In the entries below, return only the line containing "Porsche Cayenne снимка Porsche Cayenne" and those after it, exactly, through the last line.

(Web page caption snippets)
━━━━━━━━
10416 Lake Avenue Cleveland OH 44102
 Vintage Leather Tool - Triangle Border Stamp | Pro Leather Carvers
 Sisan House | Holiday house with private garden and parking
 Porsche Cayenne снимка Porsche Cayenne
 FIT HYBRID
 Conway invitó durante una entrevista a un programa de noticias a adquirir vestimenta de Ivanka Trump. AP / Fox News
━━━━━━━━
* [EXERCISE SOLUTION]:
 Porsche Cayenne снимка Porsche Cayenne
 FIT HYBRID
 Conway invitó durante una entrevista a un programa de noticias a adquirir vestimenta de Ivanka Trump. AP / Fox News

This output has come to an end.